_The task_
Write out the records beneath this line exactly as they appear, minus any images.

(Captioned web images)
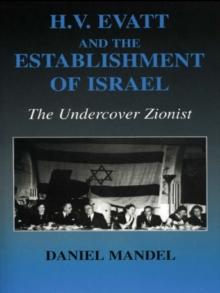 H V Evatt and the Establishment of Israel : The Undercover Zionist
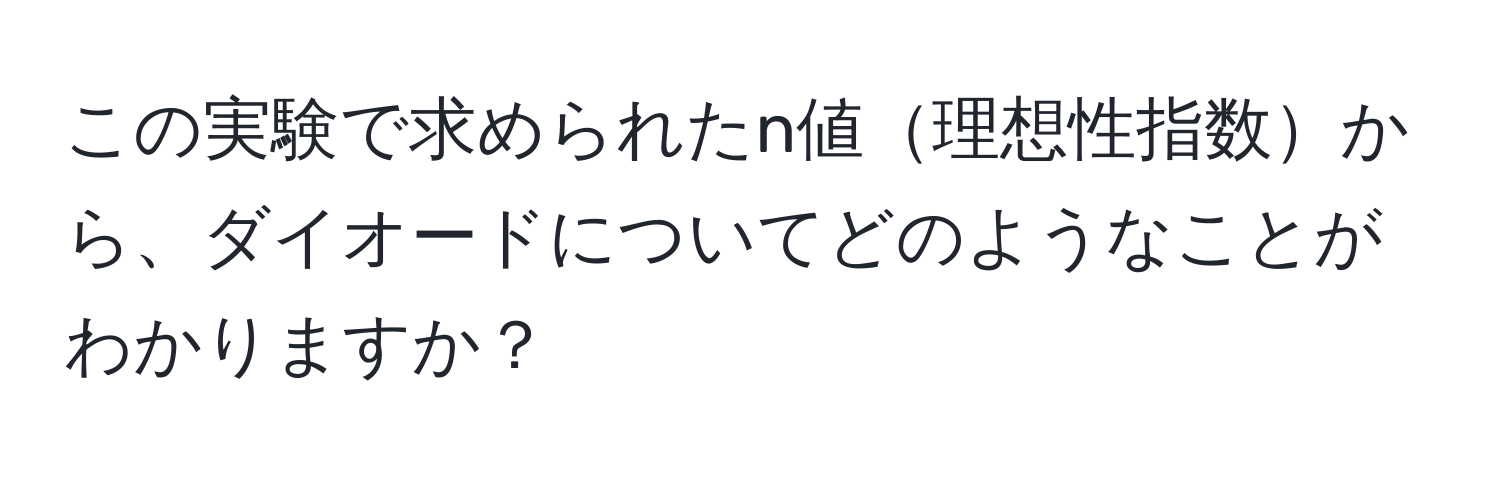 この実験で求められたn値理想性指数から、ダイオードについてどのようなことがわかりますか？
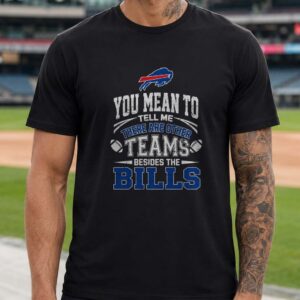 Buffalo Bills Only Team Proud Loyal Supporter Funny Football T-Shirt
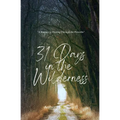 31 Days In the Wilderness: "A Journey Through the Proverbs"
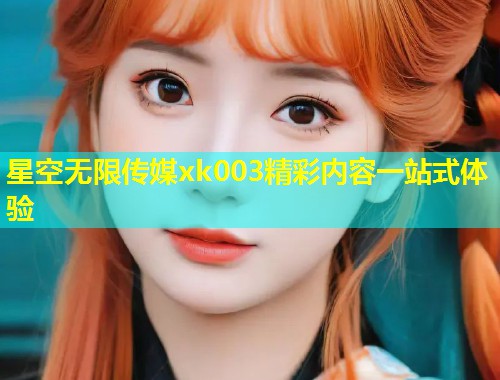 星空无限传媒xk003精彩内容一站式体验  第1张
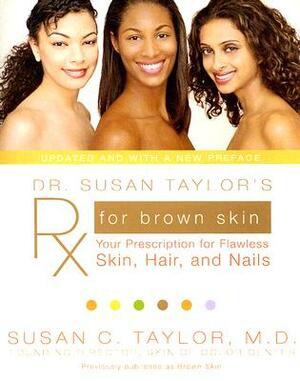 Dr. Susan Taylor's RX for Brown Skin: Your Prescription for Flawless Skin, Hair, and Nails by Susan C. Taylor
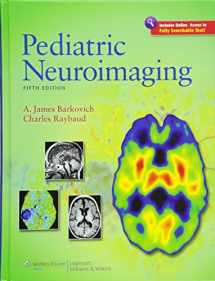 9781605477145-1605477141-Pediatric Neuroimaging (Pediatric Neuroimaging (Barkovich))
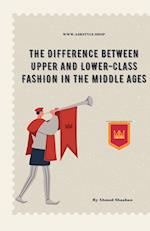 The Difference Between Upper and Lower-Class Fashion in the Middle Ages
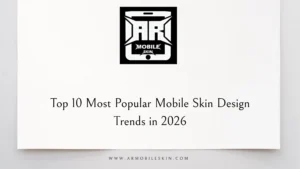 Read more about the article Top 10 Most Popular Mobile Skin Design Trends in 2026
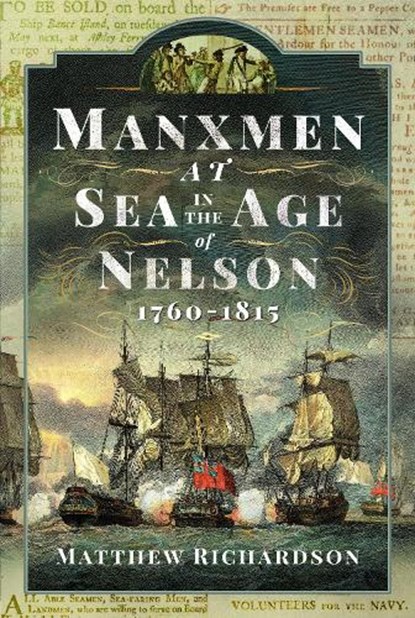 Manxmen at Sea in the Age of Nelson, 1760-1815, Matthew Richardson - Gebonden - 9781399044493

_Solution for this exercise_
 H V Evatt and the Establishment of Israel : The Undercover Zionist
 この実験で求められたn値理想性指数から、ダイオードについてどのようなことがわかりますか？
 Buffalo Bills Only Team Proud Loyal Supporter Funny Football T-Shirt
 31 Days In the Wilderness: "A Journey Through the Proverbs"
 星空无限传媒xk003精彩内容一站式体验  第1张
 Dr. Susan Taylor's RX for Brown Skin: Your Prescription for Flawless Skin, Hair, and Nails by Susan C. Taylor
 9781605477145-1605477141-Pediatric Neuroimaging (Pediatric Neuroimaging (Barkovich))
 The Difference Between Upper and Lower-Class Fashion in the Middle Ages
 Read more about the article Top 10 Most Popular Mobile Skin Design Trends in 2026
 Manxmen at Sea in the Age of Nelson, 1760-1815, Matthew Richardson - Gebonden - 9781399044493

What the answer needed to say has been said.